WHAT NEEDS TO BE DONE - Every line of the entries below from the one containing "Indi Maxi Dress" to the one containing "Rajwadi Choker Necklace", both ends included, must be written out exactly. No other line belongs in the answer.

MATERIAL FOR THIS EXERCISE -
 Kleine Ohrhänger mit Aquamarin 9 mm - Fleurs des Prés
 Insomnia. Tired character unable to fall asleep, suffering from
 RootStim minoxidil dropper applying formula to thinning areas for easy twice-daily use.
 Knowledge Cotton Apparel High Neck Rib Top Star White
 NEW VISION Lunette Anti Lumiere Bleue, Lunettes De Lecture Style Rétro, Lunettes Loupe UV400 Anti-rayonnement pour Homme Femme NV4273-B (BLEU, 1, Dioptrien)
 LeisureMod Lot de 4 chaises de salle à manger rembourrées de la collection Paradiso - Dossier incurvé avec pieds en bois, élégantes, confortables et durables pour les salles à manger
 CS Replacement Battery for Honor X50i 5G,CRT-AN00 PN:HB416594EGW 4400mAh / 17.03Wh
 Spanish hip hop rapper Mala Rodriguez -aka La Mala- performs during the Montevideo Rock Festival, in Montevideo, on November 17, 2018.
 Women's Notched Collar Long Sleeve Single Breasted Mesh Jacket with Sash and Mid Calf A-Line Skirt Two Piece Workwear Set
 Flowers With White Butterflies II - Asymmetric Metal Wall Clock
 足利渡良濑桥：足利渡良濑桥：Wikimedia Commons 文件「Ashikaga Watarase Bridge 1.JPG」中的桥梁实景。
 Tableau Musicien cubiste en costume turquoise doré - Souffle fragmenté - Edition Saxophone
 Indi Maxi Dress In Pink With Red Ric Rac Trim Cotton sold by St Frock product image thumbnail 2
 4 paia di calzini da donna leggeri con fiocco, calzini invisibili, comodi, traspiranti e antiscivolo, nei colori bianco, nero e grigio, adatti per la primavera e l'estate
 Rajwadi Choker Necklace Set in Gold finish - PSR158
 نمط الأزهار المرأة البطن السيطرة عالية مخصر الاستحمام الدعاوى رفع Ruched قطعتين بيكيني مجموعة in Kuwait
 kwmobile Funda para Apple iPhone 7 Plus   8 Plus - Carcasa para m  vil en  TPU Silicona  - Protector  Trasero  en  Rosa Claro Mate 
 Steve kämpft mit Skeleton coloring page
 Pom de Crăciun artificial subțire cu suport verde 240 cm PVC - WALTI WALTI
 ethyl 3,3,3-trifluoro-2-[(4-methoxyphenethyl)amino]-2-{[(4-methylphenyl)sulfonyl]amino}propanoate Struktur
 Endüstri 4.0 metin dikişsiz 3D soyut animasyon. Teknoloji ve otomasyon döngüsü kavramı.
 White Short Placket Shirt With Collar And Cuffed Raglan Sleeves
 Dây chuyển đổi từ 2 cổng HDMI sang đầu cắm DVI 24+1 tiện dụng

OUTPUT OF THE EXERCISE -
 Indi Maxi Dress In Pink With Red Ric Rac Trim Cotton sold by St Frock product image thumbnail 2
 4 paia di calzini da donna leggeri con fiocco, calzini invisibili, comodi, traspiranti e antiscivolo, nei colori bianco, nero e grigio, adatti per la primavera e l'estate
 Rajwadi Choker Necklace Set in Gold finish - PSR158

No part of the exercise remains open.